By now we’re talking Louis Armstrong levels of raspiness, and his soulful gravel works a treat over the delightfully (and, taking the album as a whole, deceptively) breezy hop of opener “Duquesne Whistle”, all walking bass, jazzy brush-drumming and easy-going rhythm and blues guitar. Lines like “You’re the only thing alive that keeps me going / You’re like a time bomb in my heart” may not be wrapped up in riddles but their forthrightness makes an instant classic out of this, ditto “My heart is cheerful / It’s never fearful” from the sublime, pedal steel-assisted “Soon After Midnight”. “I’ve faced stronger wars than yours” we are also told here, indicating the darkness that lies beyond these timeless shows of effortless majesty.
Insistent, grinding guitar works a treat alongside slide guitar, banjo and fiddle on “Narrow Way”, from which “Even Death has washed his hands of you” could almost be referring to his own lingering genius, if that notion weren’t so resoundingly punctured by “I’m armed to the hilt / And I’m struggling hard / You won’t get out of here unscarred” and “I can’t work up to you / You’re surely gonna have to work down to me someday”.
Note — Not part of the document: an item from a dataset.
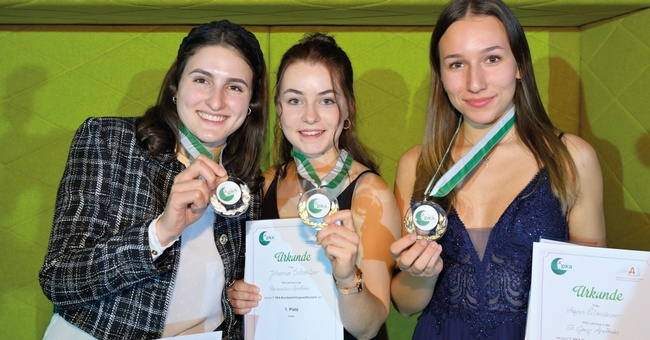 So sehen strahlende Gewinnerinnen aus: Raphaela Steiner, Johanna Schmölzer, Agnes Eilmsteiner (v.l.) © Wolfgang Lackner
“Long and Wasted Years” belies its title by being the only track here under five minutes, its elegant, bittersweet country trot underpinning the heart-bludgeoning laments “For one brief day, I was the man for you” and “I haven’t seen my family in twenty years / I lost track of them when they lost their land / They could be dead by now”, while “Pay in Blood” sees our hero attesting to making a habit out of the titular activity, with the masterful suckerpunch of a caveat “…but not my own”.
“Scarlet Town” breathes fresh life into a tried and trusted songwriting trick – that is, doomy minor key-dom with foreboding major resolutions – sealing its own deal with plinky banjo, commanding violin and a reference to a “flat-chested junky whore”, and “Tin Angels” makes a similarly fine job of grabbing you by the collar with what sounds like an old blues recording dressed in a modern studio sheen to deliver the menacingly Waits-ian “You’re a reckless fool, I can see it in your eyes / To come this way was by no means wise”.
However, the show is stolen at the death by the title track, a thirteen-minute sea shanty about the sinking of the Titanic, leading Rocksucker to conclude that, at 71, Bob Dylan is still yet to hit his creative iceberg. (Yes, we can’t believe we just wrote that either.)
Rocksucker says: Four Quails out of Five!